From Michael Wood's review of Europe Central and Expelled from Eden, in the December 15, 2005, "New York Review of Books."

Vollmann, born in 1959, has published eight novels (four of which are part of his Seven Dreams series, a historicofictional account of the settlement of North America), three collections of stories (including The Atlas), a memoir about his experiences in Afghanistan, and an extraordinary seven-volume, two-thousand-plus-page meditation on violence called Rising Up and Rising Down (2003). In 2004, he produced an abridgment of this last work (just 726 pages, not including the acknowledgments) and the tone of his preface makes clear why it is so easy to like him and also why you might not want his company all the time. "The longer version of Rising Up and Rising Down," he says, "took me twenty-three years, counting editorial errands. The abridgment took me half an hour." And:

"The single justification which I can offer [for the length of the original version] is that I believe it needed to be that long.
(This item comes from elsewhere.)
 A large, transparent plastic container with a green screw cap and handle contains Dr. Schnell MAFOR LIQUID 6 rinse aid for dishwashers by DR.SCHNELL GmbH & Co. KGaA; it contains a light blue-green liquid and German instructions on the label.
This abridgment likewise has only one justification: I did it for the money. In other words, I can't pretend (although you may disagree) that a one-volume reduction is any improvement upon the full version. All the same, it's not necessarily worse. For one thing, the possibility now exists that someone might read it."

The complete review, which I didn't finish, is here.

1 comment:

Grendel said...

There is no one who makes me feel worse about myself than William T. Vollmann.